[TASK DIRECTIONS]
Pictures do not belong in the copy; print every entry exactly as it stands.
+ + + + +
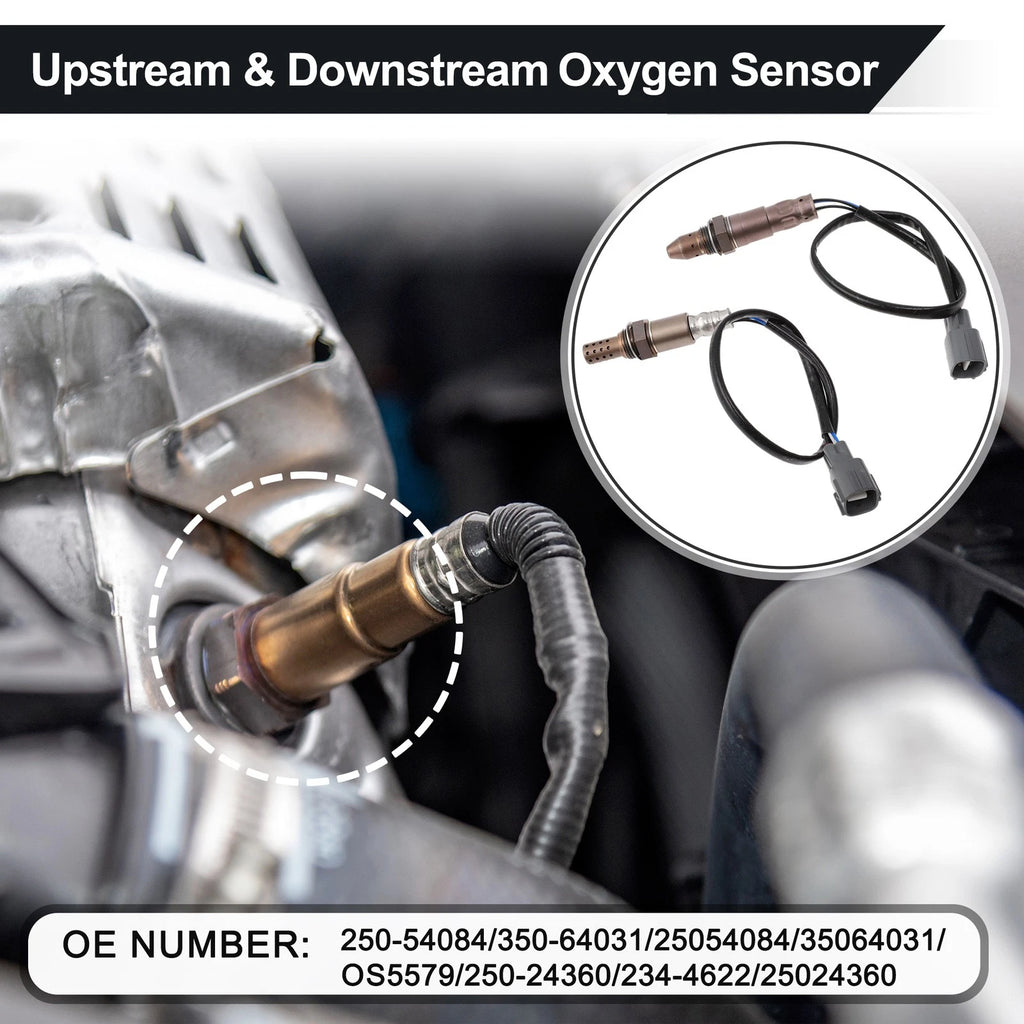 Upstream & Downstream Oxygen Sensor for Toyota Camry 2.5L L4 (2012–2017) 250-54084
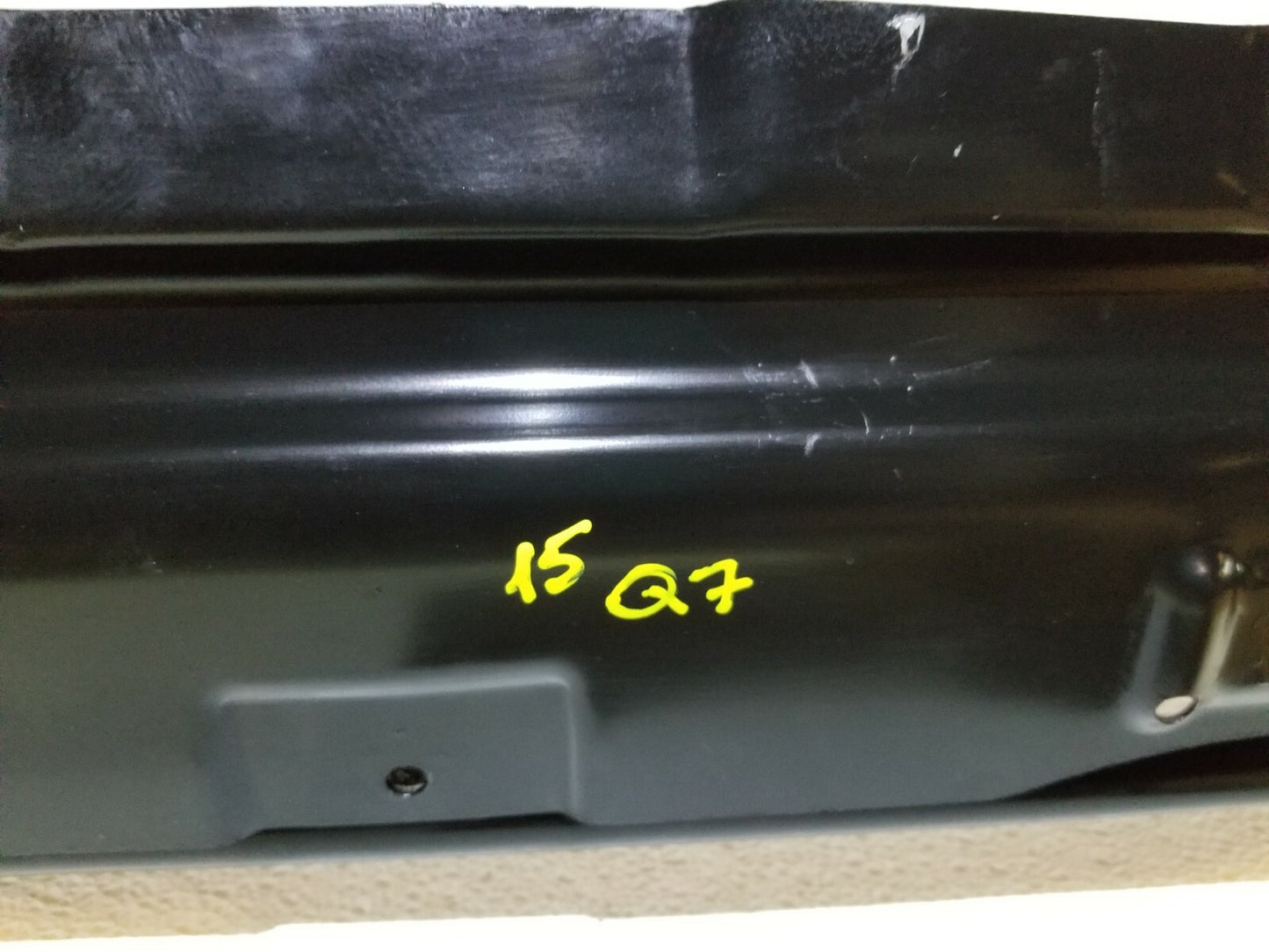 2015 Audi Q7 3.0l Engine Auxiliary Radiator Coolant Tube OEM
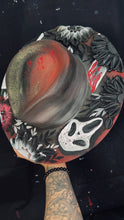 Ghostface inspired hat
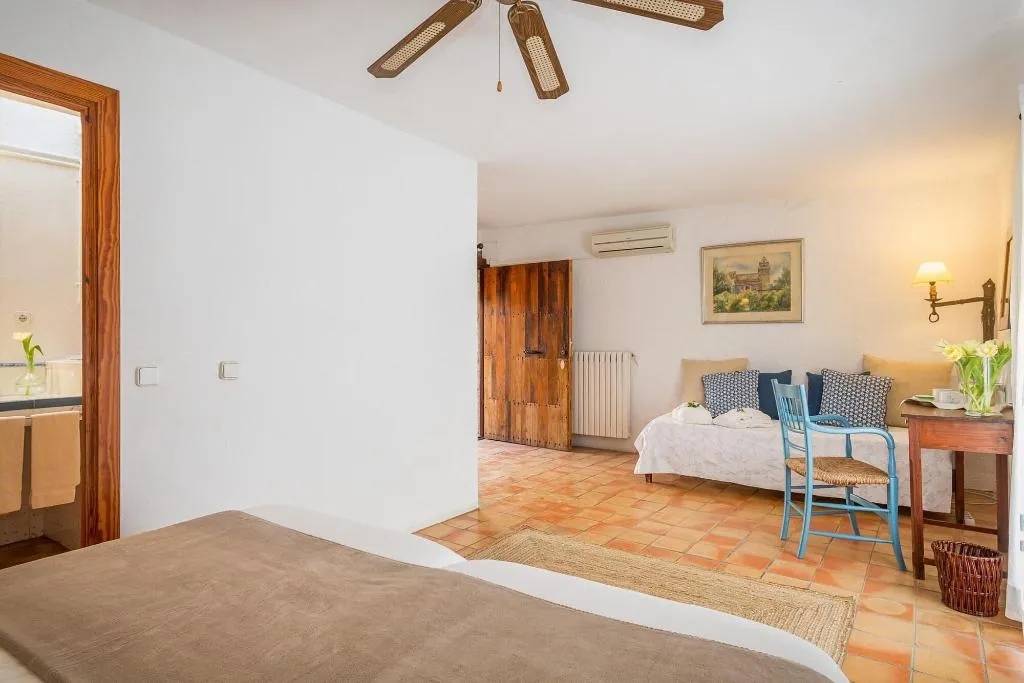 Room, Finca Hotel Es Castell, Majorca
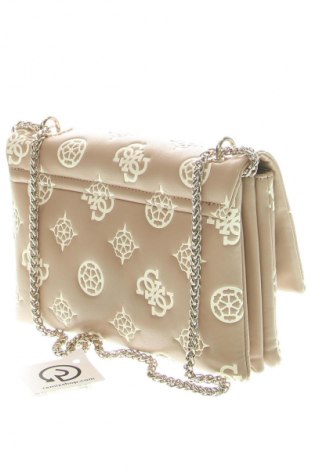 Дамска чанта Guess, Цвят Бежов, Цена 117,99 лв.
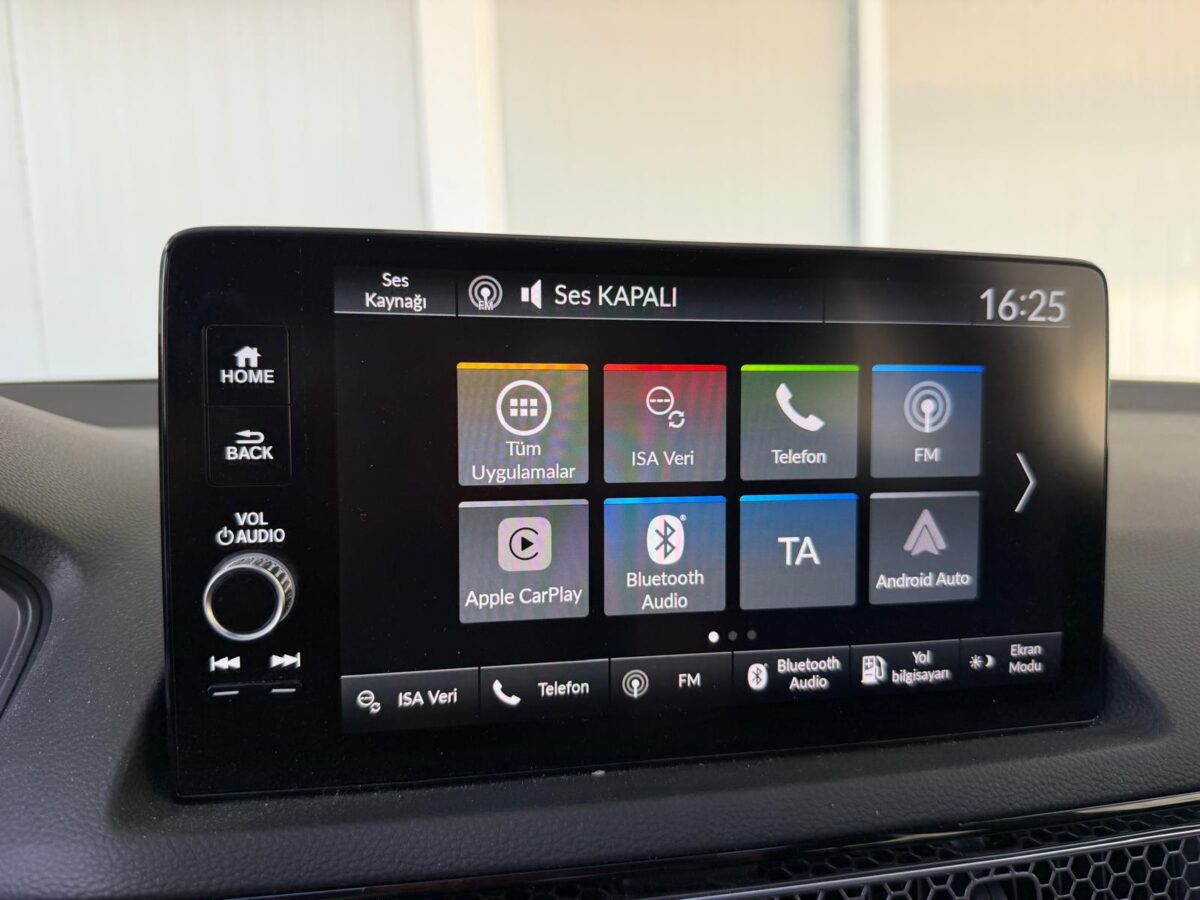 HONDA PLAZA AYIŞIĞI – 2025 HONDA CIVIC ELEGANCE BOYASIZ - 20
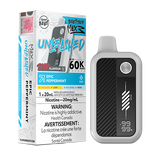 Flavour Beast Mode Max 3 Epic Peppermint disposable vape with peppermint flavour.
+ + + + +
[YOUR SOLUTION]
 Upstream & Downstream Oxygen Sensor for Toyota Camry 2.5L L4 (2012–2017) 250-54084
 2015 Audi Q7 3.0l Engine Auxiliary Radiator Coolant Tube OEM
 Ghostface inspired hat
 Room, Finca Hotel Es Castell, Majorca
 Дамска чанта Guess, Цвят Бежов, Цена 117,99 лв.
 HONDA PLAZA AYIŞIĞI – 2025 HONDA CIVIC ELEGANCE BOYASIZ - 20
 Flavour Beast Mode Max 3 Epic Peppermint disposable vape with peppermint flavour.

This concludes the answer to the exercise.